#81-Carranza Memorial Pitch Pine

Historical Name: Carranza Memorial
Common Name: Pitch Pine
Latin Name: Pinus rigida

In 1928 Emilio Carranza, a Captain in the Mexican Air Corps and the most famous airman in the country, was chosen to replicate Lindbergh’s nonstop flight between Mexico City and Washington, DC. Carranza, piloting a Ryan monoplane similar to Lindbergh’s Spirit of Saint Louis was forced to land in North Carolina due to fog. He was still considered a hero when he reached Washington, and even had lunch with President Calvin Coolidge. Since he was a nephew of a former President of Mexico, as a good will gesture he flew with Lindbergh, their planes side by side, around the Eastern US for a month.

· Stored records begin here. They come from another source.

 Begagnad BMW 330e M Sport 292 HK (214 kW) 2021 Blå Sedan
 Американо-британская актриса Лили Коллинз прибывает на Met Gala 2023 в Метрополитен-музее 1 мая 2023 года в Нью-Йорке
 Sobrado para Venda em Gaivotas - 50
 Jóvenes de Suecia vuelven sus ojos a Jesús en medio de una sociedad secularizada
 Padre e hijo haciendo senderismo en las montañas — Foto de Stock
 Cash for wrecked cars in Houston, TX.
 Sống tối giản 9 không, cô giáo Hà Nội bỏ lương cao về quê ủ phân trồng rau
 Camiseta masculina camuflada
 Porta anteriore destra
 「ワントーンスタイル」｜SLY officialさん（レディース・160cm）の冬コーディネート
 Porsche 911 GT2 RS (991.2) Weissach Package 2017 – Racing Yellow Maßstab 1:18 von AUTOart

On July 12, 1928 he took off from Roosevelt Field on Long Island for a nonstop return flight to Mexico City. Its distance would have been second only to Lindbergh’s flight between NY City and Paris the year before. The weather that day was stormy, and he was advised to postpone his trip. Nevertheless Carranza took off with his plane heavily burdened with fuel. During a violent storm he crashed into New Jersey’s Pine Barrens and was killed instantly. Blueberry pickers found him the next day. He was buried in Mexico as a national hero and Mexican schoolchildren raised money to build a stone monument at the site of the accident. To this day on every July 12th a memorial service takes place at the Monument in Burlington County, with representatives of the Mexican government and US Armed Forces. The Mexican and American anthems are sung by those in attendance to honor the aviator nicknamed “The Lindbergh of Mexico.

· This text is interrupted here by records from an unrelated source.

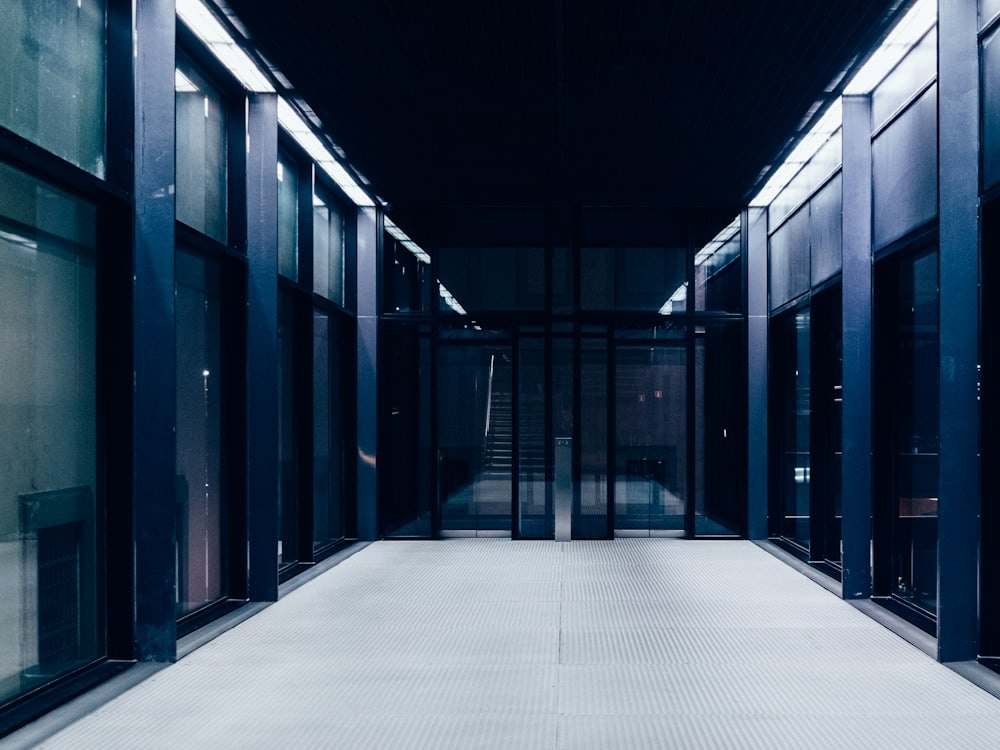 Een gang in een modern datacenter, tussen serverkasten met glazen deuren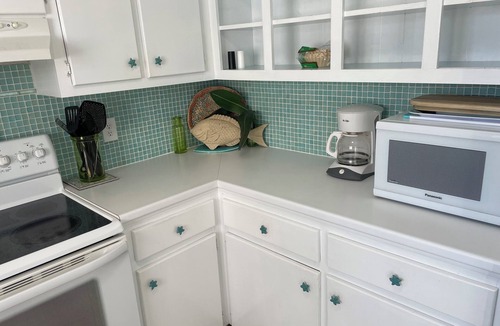 Kill Devil Hills Cottage | Perfect Getaway - 2 minute walk straight to the Beach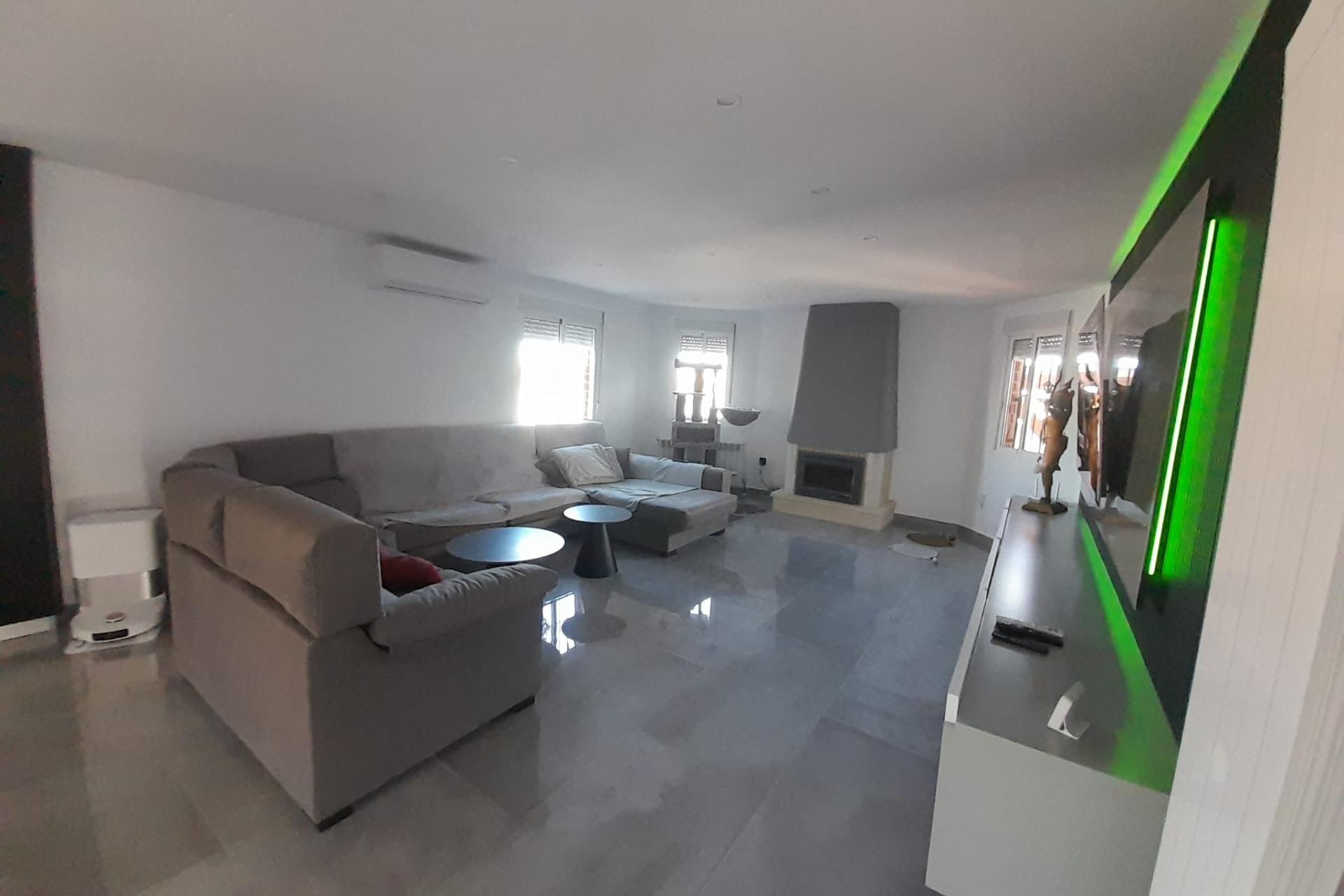 Återförsäljning - Villa -
Mazarron - Camposol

In his book The Pine Barrens, John McPhee recalls visiting the Monument with a Pine Barrens resident who heard the crash. The old-timer noted that the plane hit the large old Pitch Pine that still stands at the Monument site. A tree grown from a seed collected from the Carranza Memorial Pitch Pine can be found in UCNJ’s Historic Tree Grove. It was planted there in 2010.